But last week, people living along the channel received paper notices warning them that their personal property could not be stored in a city park and would be removed during a scheduled cleaning, which the city typically does 72 hours after a warning is posted. The shelters sat on the opposite side of the flood channel from the Arroyo Seco Bike Path and a park.
The city targeted the shelters for cleanup because they are in a high-risk fire area, officials said. The cleanup was done by the city's Department of Recreation and Parks while Councilmember Eunisses Hernandez deployed outreach teams with LAHSA to contact the residents ahead of Monday's event.
Like many others living next to the flood channel, Diaz worked in construction, but could not find steady work. He occasionally found jobs as a day laborer in the parking lot of a local Home Depot, but said that he keeps to himself as much as possible.
He is among tens of thousands of people experiencing homelessness in Los Angeles County. The number of unhoused people in the county in 2024 dropped for the first time in five years but 2025 totals have not been released because the count was delayed due to the recent fires.
As cleanup crews operated Monday, Diaz kicked down his fence, smashed out the windows and rolled large boulders from his garden down into the flood channel. His girlfriend, Wendy, watched with their dog, Papi, a mixed-breed German Shepherd.
In a fit of frustration, the Guatemalan-born immigrant punched a dog house until his knuckles bled and cried when he thought about all the work he put into his slice of land that he had called home for the last five years.

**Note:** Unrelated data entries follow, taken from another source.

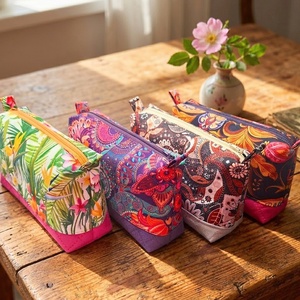 Pink virágos neszeszer - táska & tok - neszesszer - Meska.hu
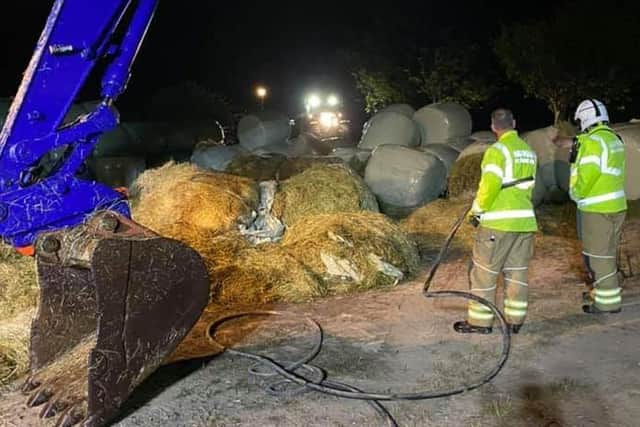 A blaze destroyed 150 hay bales at McCarthy's Fruit and Vegetables off Winchester Road near Wickham. Picture: Jo McCarthy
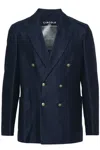 Circolo 1901 Double-breasted Twill Blazer In Blu Blu E Verdi
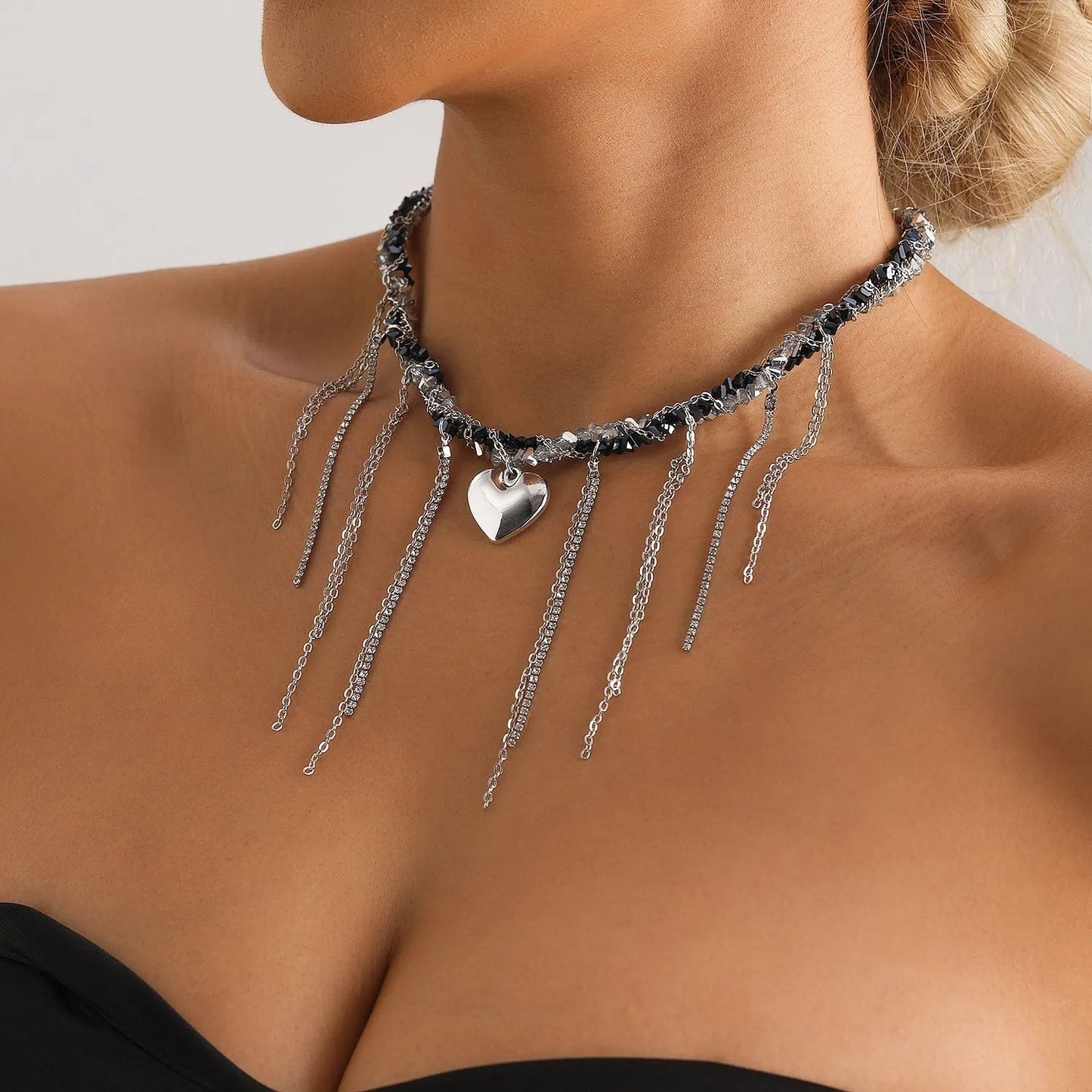 Y2k Choker Necklaces Heart Pendant Chain Jewellery Women Glass Multilayer Neck Collier Femme Cadenas Para Mujer for Girls Women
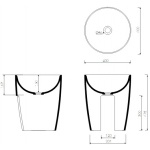 Marmorin Lara Umywalka nablatowa 40xh47,8 cm Biały P_U_050_01_0400 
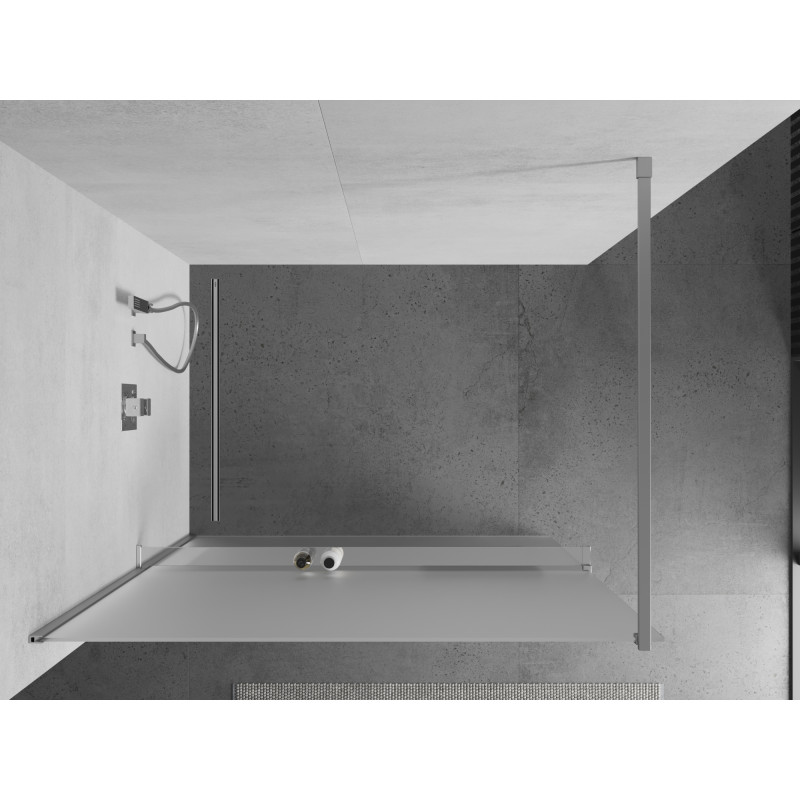Mexen Kioto+ sprchová zástěna s poličkou Walk-in 80 x 200 cm, matná, chrom - 800-080-121-01-30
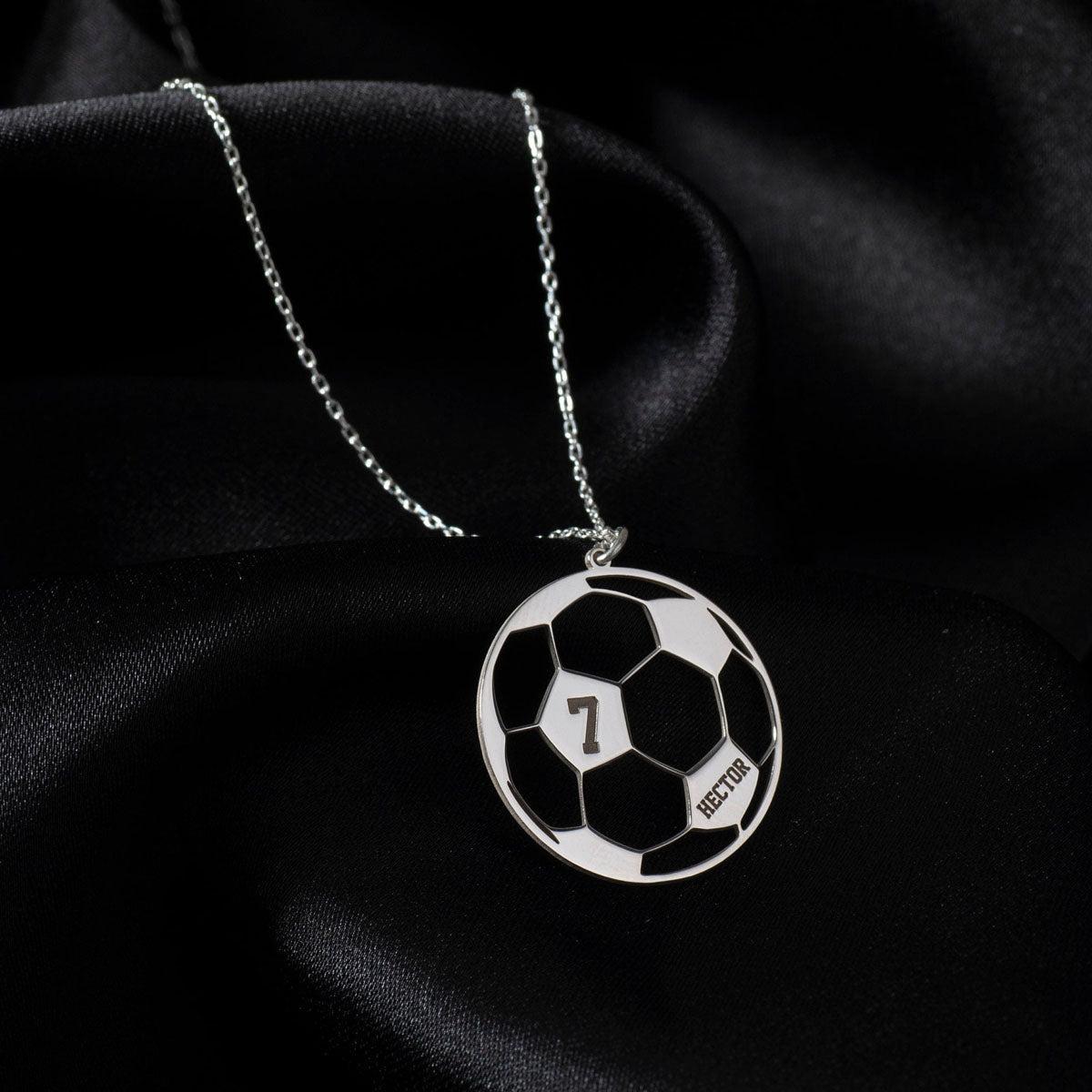 Collar de fútbol personalizado con nombre, joyería atlética con número personalizado, regalo para fanáticos del día del juego para la temporada de torneos globales - 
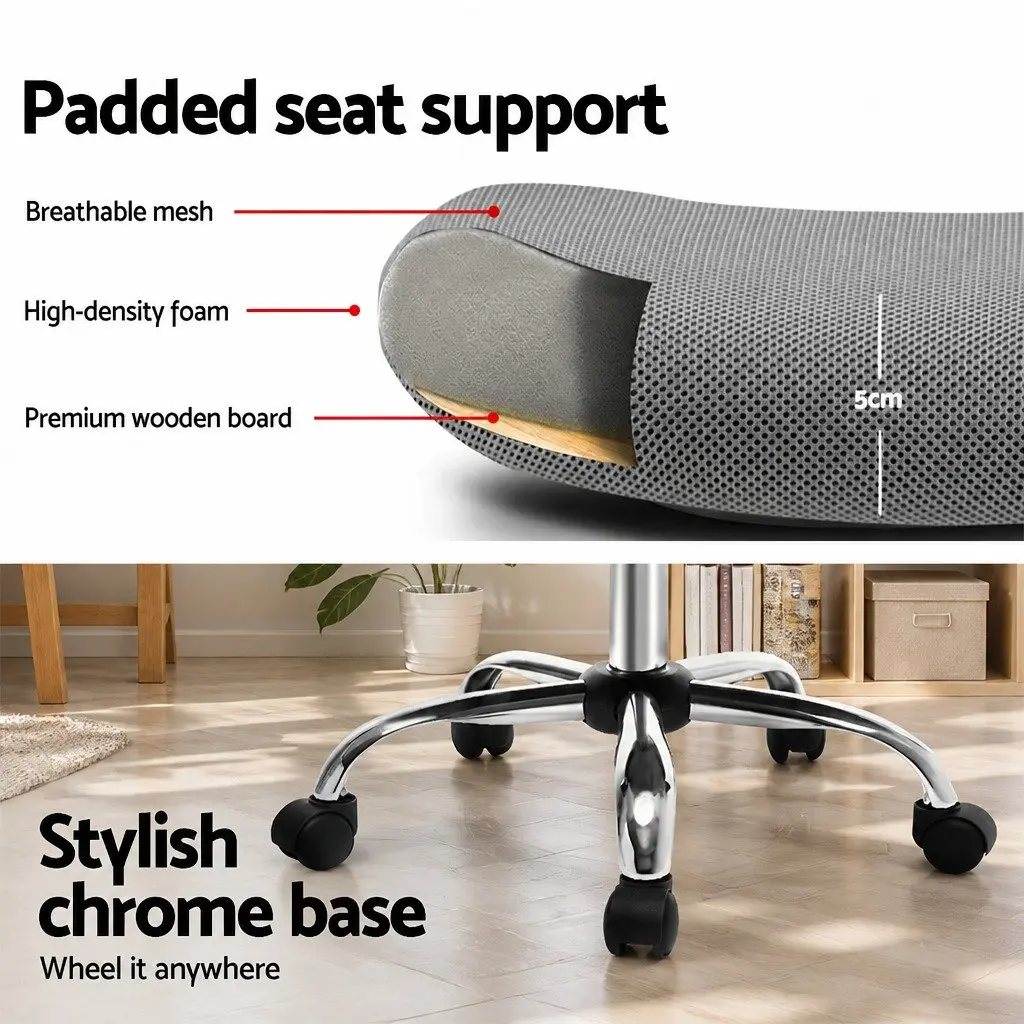 Mid Back Mesh Office Chair Grey Breathable Ergonomic Desk Chair 360 Swivel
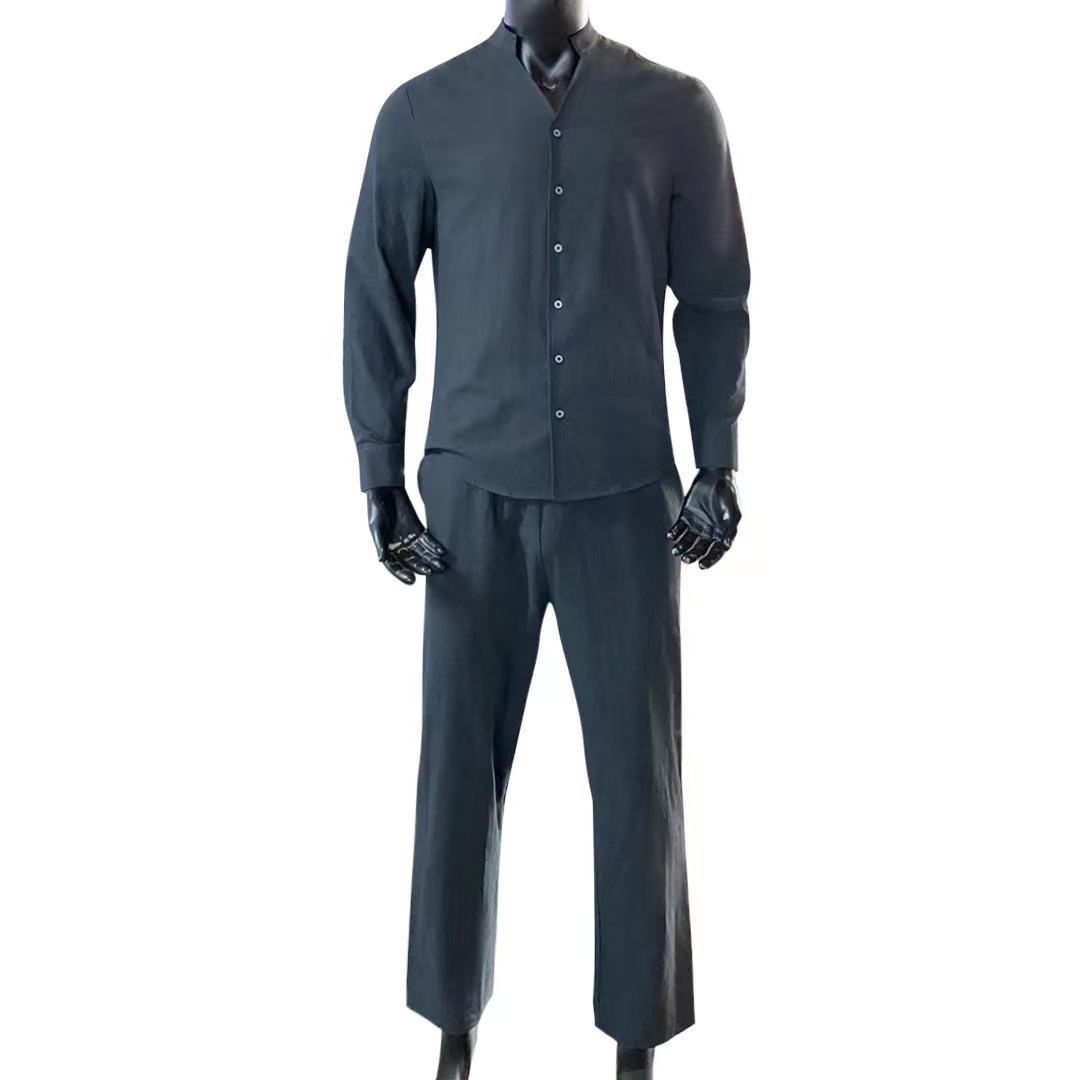 Chemise à col montant en lin à manches longues pour hommes, chemise respirante monochromatique, vêtements de sport décontractés, mode simple, ensemble deux pièces FJM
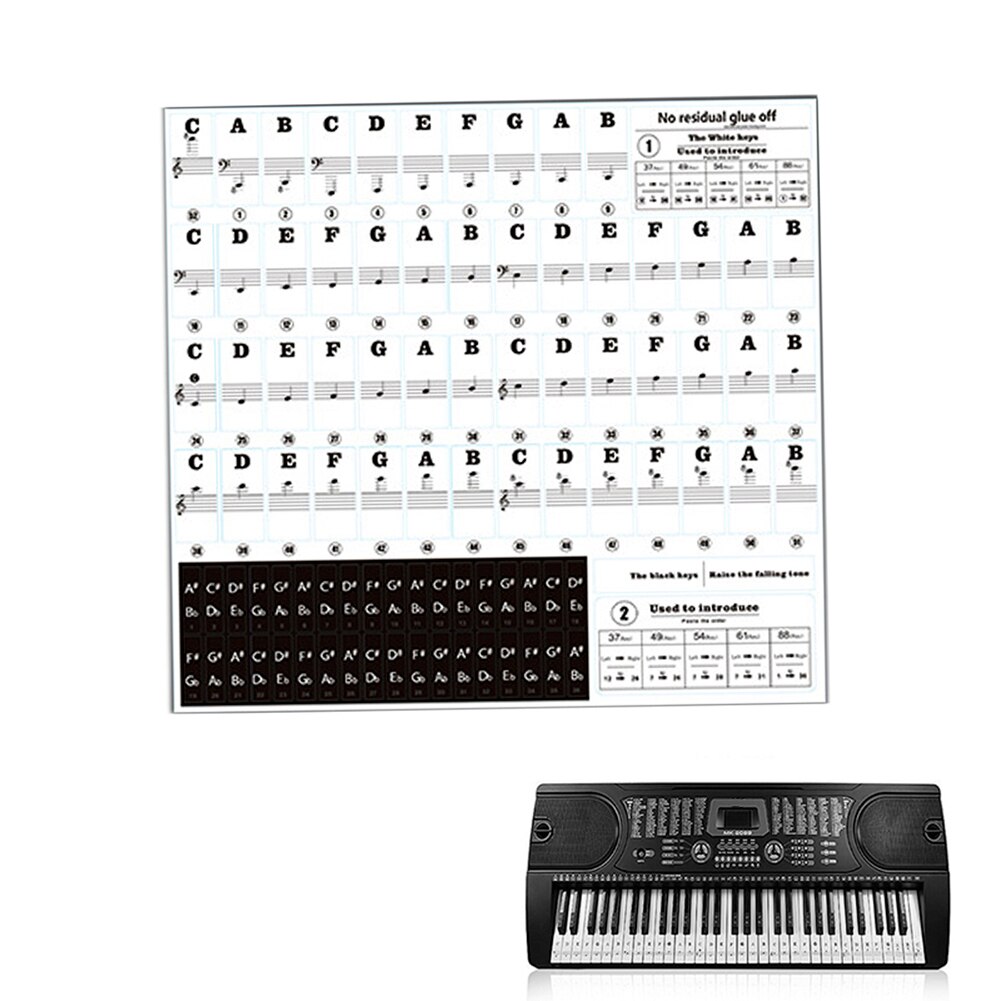 Transparent PVC Music Decal Notes Piano Keyboard Stickers 37 49 54 61 88 Keys Accessories for Electronic Piano Roll Up Piano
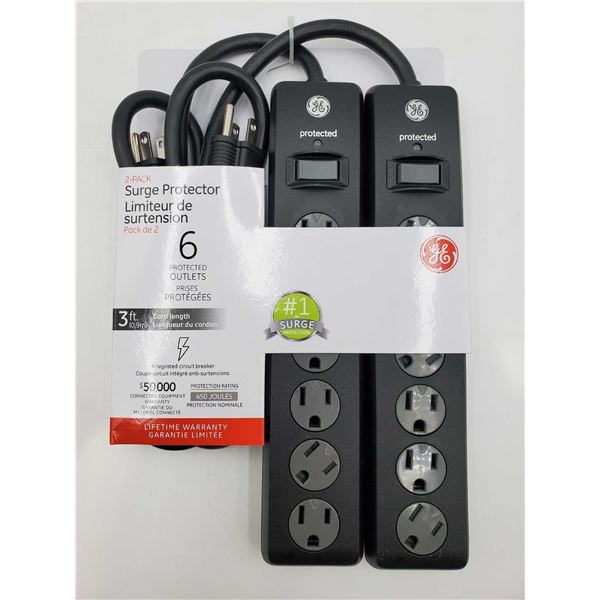 GE 2pk Surge Protector with 6 Protected Outlets (2ct)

'They don't know what they're doing to him,' Wendy said.
Diaz asked that somebody take a picture of his home before and after the cleanup to show that he was here.
'I bet they won't clean any of it the right way,' he said as he hugged his dog. Wendy and Papi stood by him later when he cried again.
Ahead of Monday's sweep, volunteer advocate Elizabeth Gustafson with the group Northeast Neighborhood Outreach sent a letter asking the city to reconsider, saying housing is limited and the people living along the flood channel work together to maintain their homes.
'Not only are sweeps disruptive to the unhoused people who have created community, mutual support, and neighborliness along the Arroyo against all odds, they are also an obscene waste of city resources, and they accomplish nothing,' Gustafson wrote. 'Angelenos are facing a staggering housing crisis, and it makes little sense to destroy homes and communities that have carved out a shred of stability amidst an untenable situation.'
At another shelter, Los Angeles Police officers joined park rangers pushing their way into Cesar Augusto's home. Officers knocked on his door and then forced their way inside as his puppy, Salome, barked at them.
Officers told Augusto to clear out as cleaning crews began to dismantle the piles of items he gathered, including tools and cookware. Augusto, 44, arrived in Los Angeles roughly 20 years ago from Guatemala. He struggled to find steady work as a house painter after his employer died several years ago.
'There's no shame in what they're doing,' he said about the city's cleaning operation. 'God is always watching. He knows what happens.'
Augusto's girlfriend sat nearby with their pup. They did not know where they would go next and watched as the treads of a bulldozer flatten their belongings.
A park ranger tried to shout questions to Augusto about his belongings over the roar of heavy machinery.
'Do you want any of it?' the ranger yelled. 'I'm giving you plenty of time.'
Lorena Amador, 51, was woken up to workers ripping down one of her shelter walls and telling her she had to leave, she said. Her goal for the day was to salvage her bedding and jackets and a park ranger was helping her out by holding some of her bags while she moved up and down the channel walls by rope.
As a bulldozer approached her shelter, she moved to the flood channel to wash her hair. The Arroyo Seco was an ideal alternative to living on the city streets, she said.
'We all know each other and we all got along,' she said.